Securing the Virtual Environment. How to Defend the Enterprise against Attack, Davi Ottenheimer, Matthew Wallace, Wiley, 2014.

NFV threats

NFV threats are located at intersection of virtualization and general networking threats and, therefore, can be mitigated by hardening both virtualization and networking protection.
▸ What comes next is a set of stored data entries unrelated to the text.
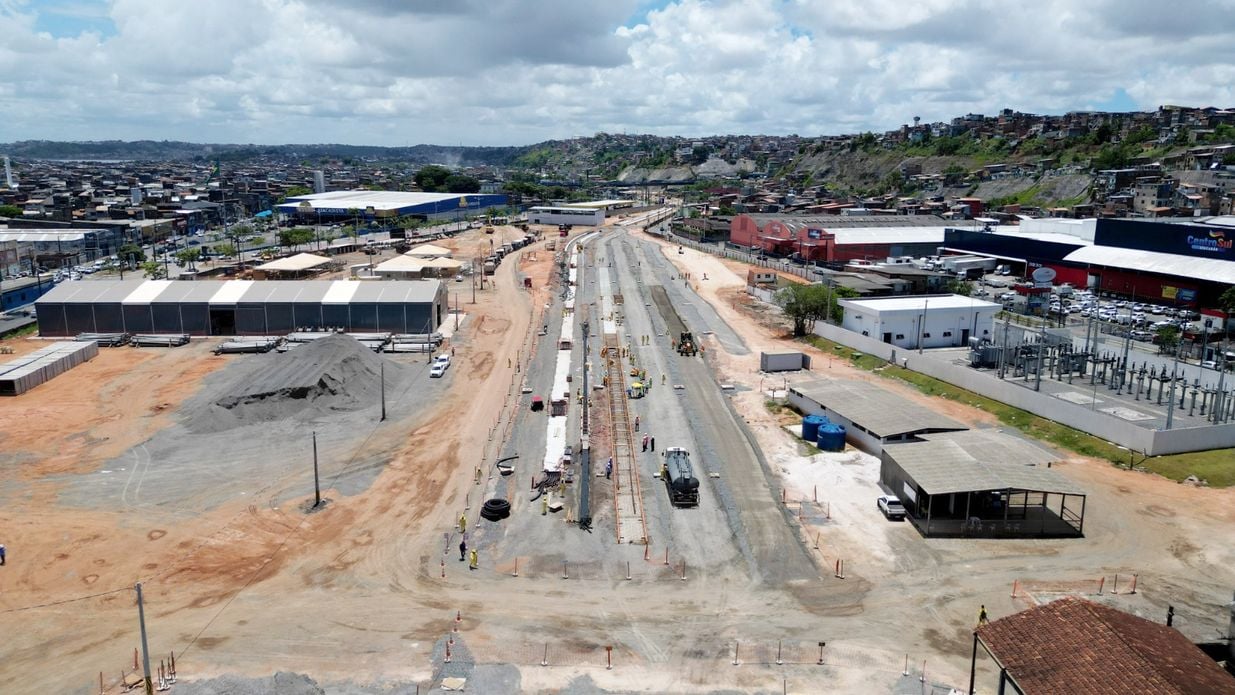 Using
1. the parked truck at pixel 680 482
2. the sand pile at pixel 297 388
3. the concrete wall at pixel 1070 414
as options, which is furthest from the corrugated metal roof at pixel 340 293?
the concrete wall at pixel 1070 414

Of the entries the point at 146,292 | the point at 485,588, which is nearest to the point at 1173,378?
the point at 485,588

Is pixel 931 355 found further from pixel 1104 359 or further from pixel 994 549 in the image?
pixel 994 549

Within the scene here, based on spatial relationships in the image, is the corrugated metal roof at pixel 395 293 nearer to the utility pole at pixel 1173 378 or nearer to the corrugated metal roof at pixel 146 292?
the corrugated metal roof at pixel 146 292

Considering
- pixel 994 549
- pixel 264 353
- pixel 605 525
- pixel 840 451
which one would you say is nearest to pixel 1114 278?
pixel 840 451

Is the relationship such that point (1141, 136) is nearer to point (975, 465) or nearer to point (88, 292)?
point (975, 465)

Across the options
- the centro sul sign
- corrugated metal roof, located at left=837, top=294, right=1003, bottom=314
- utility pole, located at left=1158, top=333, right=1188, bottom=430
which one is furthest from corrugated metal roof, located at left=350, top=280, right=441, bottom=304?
the centro sul sign

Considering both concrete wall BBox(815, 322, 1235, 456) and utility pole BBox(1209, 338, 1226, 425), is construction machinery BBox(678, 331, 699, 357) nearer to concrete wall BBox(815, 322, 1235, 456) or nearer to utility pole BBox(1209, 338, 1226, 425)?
concrete wall BBox(815, 322, 1235, 456) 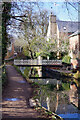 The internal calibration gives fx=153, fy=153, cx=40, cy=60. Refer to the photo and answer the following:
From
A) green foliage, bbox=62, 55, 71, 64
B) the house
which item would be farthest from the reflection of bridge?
the house

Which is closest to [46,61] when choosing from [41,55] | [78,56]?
[41,55]

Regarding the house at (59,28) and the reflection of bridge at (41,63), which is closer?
the house at (59,28)

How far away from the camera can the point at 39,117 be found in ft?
12.7

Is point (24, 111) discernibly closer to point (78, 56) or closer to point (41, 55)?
point (78, 56)

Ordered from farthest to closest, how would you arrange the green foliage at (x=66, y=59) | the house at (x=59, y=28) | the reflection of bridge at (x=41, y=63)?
the reflection of bridge at (x=41, y=63), the house at (x=59, y=28), the green foliage at (x=66, y=59)

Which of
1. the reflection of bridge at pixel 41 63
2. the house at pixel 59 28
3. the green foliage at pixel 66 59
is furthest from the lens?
the reflection of bridge at pixel 41 63

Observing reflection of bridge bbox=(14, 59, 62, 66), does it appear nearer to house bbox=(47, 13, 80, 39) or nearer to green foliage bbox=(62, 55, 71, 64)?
green foliage bbox=(62, 55, 71, 64)

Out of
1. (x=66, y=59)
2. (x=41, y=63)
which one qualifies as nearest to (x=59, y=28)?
(x=66, y=59)

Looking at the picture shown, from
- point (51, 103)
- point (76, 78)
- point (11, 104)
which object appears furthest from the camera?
point (76, 78)

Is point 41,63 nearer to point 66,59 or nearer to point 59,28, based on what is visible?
point 66,59

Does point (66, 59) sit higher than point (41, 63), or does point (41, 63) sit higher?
point (66, 59)

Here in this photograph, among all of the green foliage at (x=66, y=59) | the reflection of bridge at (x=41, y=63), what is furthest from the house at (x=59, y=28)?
the reflection of bridge at (x=41, y=63)

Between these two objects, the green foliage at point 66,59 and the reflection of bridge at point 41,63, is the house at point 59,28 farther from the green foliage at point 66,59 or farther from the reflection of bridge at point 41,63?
the reflection of bridge at point 41,63

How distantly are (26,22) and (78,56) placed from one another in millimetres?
8460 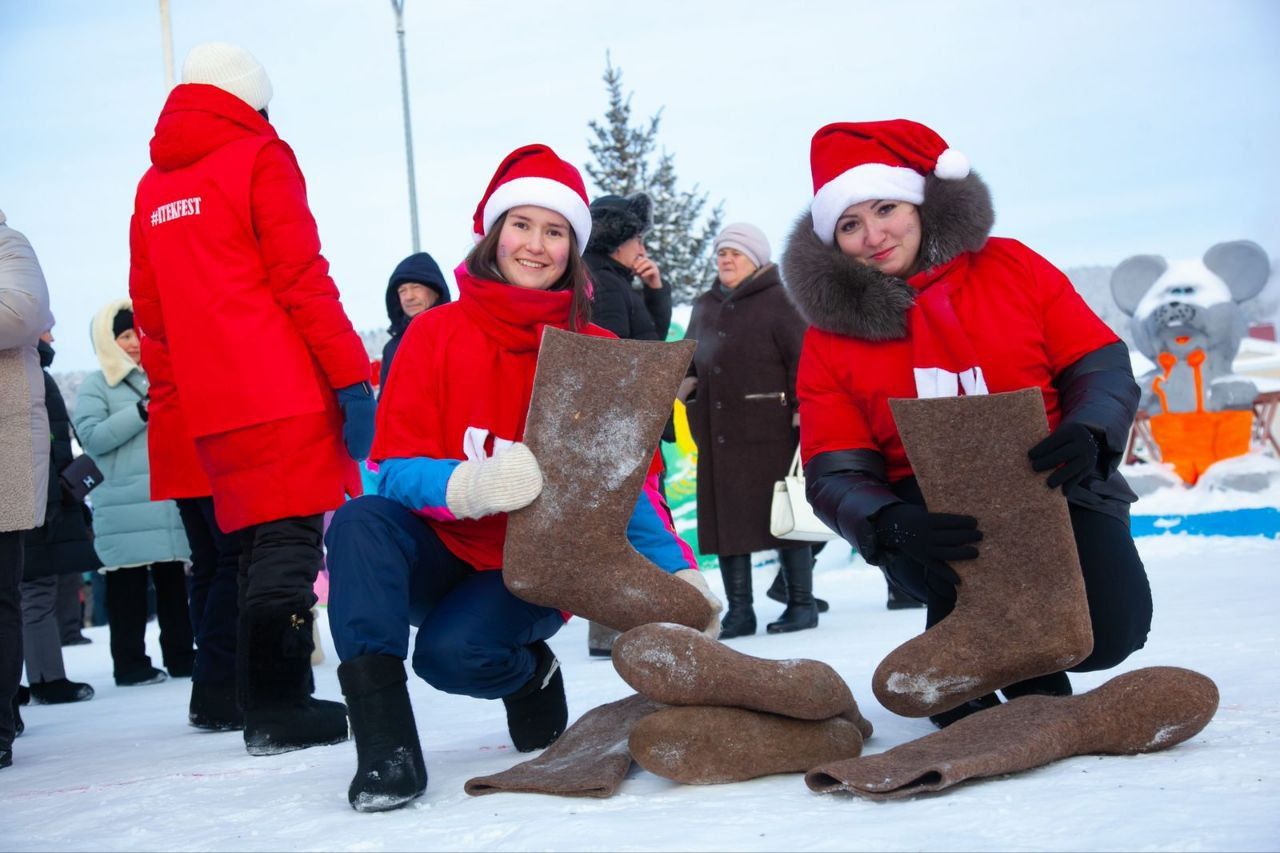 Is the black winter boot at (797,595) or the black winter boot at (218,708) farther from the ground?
the black winter boot at (218,708)

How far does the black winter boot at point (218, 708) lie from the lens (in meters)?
3.33

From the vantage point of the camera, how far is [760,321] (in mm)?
5133

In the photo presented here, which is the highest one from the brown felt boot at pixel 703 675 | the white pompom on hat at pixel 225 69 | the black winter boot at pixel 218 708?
the white pompom on hat at pixel 225 69

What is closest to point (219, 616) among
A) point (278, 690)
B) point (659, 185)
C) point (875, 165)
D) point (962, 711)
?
point (278, 690)

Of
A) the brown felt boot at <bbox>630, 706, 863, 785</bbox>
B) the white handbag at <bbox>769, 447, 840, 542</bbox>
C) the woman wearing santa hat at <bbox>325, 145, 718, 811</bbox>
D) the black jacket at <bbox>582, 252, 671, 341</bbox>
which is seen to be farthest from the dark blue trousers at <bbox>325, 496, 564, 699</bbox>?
the white handbag at <bbox>769, 447, 840, 542</bbox>

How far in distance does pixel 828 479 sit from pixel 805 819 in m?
0.95

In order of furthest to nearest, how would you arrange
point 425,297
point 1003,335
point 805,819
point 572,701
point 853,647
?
point 425,297, point 853,647, point 572,701, point 1003,335, point 805,819

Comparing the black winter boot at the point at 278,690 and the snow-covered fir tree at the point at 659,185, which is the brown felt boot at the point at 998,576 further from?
the snow-covered fir tree at the point at 659,185

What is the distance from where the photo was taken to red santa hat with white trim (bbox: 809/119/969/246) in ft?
8.73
Enabling NFV in a cloud environment brings the following threats:

  • Intellectual Property related threats. VNFs may come from different vendors that should take measures to protect the proprietary code in VNFs against each other and a cloud operator (Information disclosure).
  • VNF images can be altered or replaced by a compromised one (Tampering). To mitigate the tampering threat, provide integrity verification for VNF images.
  • Because of dynamic nature of NFV, network traffic loops may occur. For example, when a VNF’s output goes to directly or through intermediaries to its input. This may lead to the DoS amplification attacks. Detect loops during topology validation or when forwarding messages.
  • The resources of the virtualisation infrastructure (storage, network connections, memory, CPU, operating system resources) can be exhausted by an attacker causing a DoS attack. To mitigate the DoS attack caused by overconsumption of of the virtualisation infrastructure resources, enable monitoring for degraded performance and anomalies in resource allocation.
  • When using the IOMMU technology (for example, Intel VT-d) to provide the direct access from a network adapter to a VM’s memory, one VM can access another VM’s memory, prevents VM from starting, alter a hypervisor or take the whole host down. To mitigate these threats (information disclosure, DoS, tampering), verify that your network card uses shared IOMMU implemented in the I/O chipset as a part of the SR-IOV standard.
  • The cloned VNF image may contain confidential information such as private keys, certificates, passwords and tokens. Once one of the images is compromised, all clones are. To mitigate information disclosure threat, use secure key management and a unique key pair for every cloned image. Employ operator-controlled certification authorities (CAs) for internal services such as management, orchestration, and operation within NFVI.
  • Diagnostic, debugging, and monitoring interfaces enabled in a VNF for remote support can be exploited by attackers. To prevent unauthorized access using VNFs, provide authorization to control if a VNF can turn into a maintenance mode, what diagnostics functions are allowed, and who can run them.

Attack surface

The more public interfaces the system has, the larger attack surface becomes, and the more it is exposed to external attacks. Minimize the attack surface to save efforts on protecting it against external attacks. To do that, place your API endpoints behind a trust boundary such as Firewall or DMZ.

See also

Threat Modeling: Designing for Security, Adam Shostack, Wiley, 2014.

Targeted attacks and APTs

Modern cyber attacks happen now via a set of cyber espionage processes called Advanced Persistent Threats (APTs) that are capable of running silently for a long period of time collecting specific information on a victim’s computer or network.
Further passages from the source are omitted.